From the material below, return exactly the lines starting at the one that holds "localisation de l'entreprise" and ending at the one that holds "Tahliye yolu sağlı sollu araç dolu". Pictures stay out of the answer.
##### EXERCISE INPUT
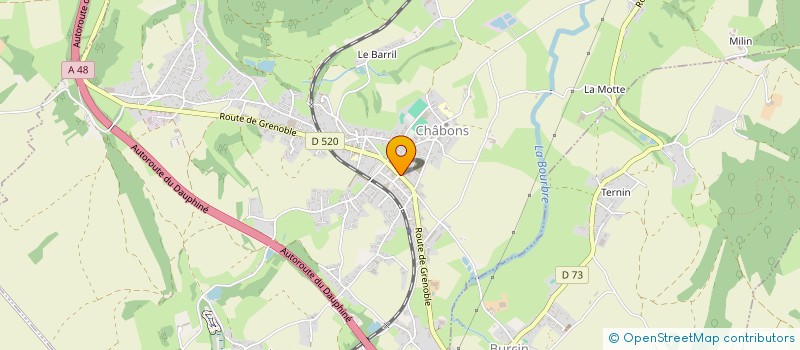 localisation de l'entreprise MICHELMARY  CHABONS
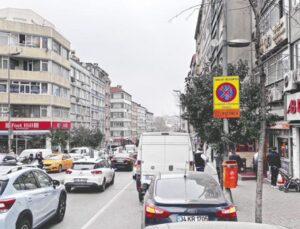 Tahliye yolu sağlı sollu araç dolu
##########
##### EXERCISE INPUT
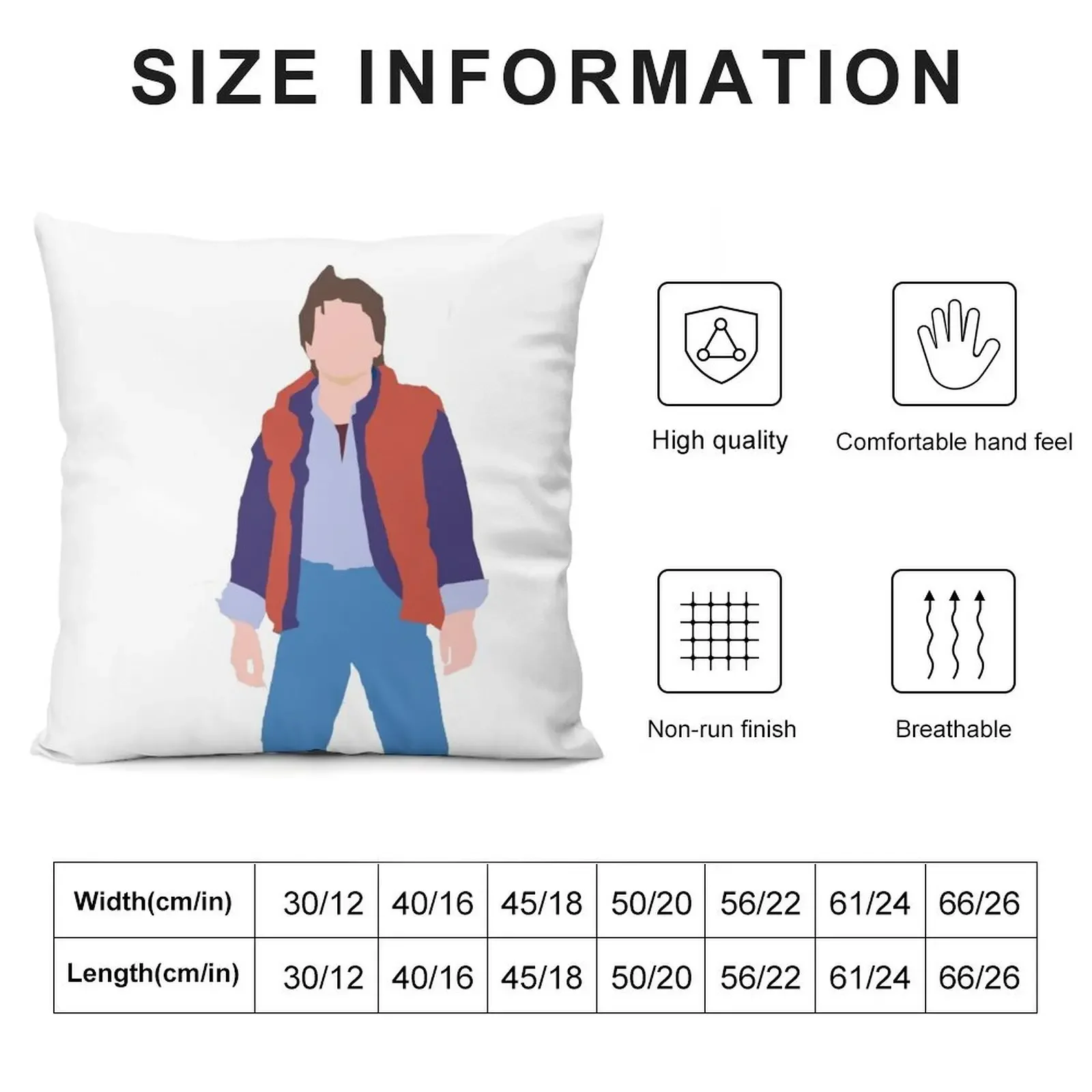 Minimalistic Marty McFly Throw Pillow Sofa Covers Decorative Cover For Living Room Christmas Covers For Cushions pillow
##########
» ANSWER TO THIS TASK
 localisation de l'entreprise MICHELMARY  CHABONS
 Tahliye yolu sağlı sollu araç dolu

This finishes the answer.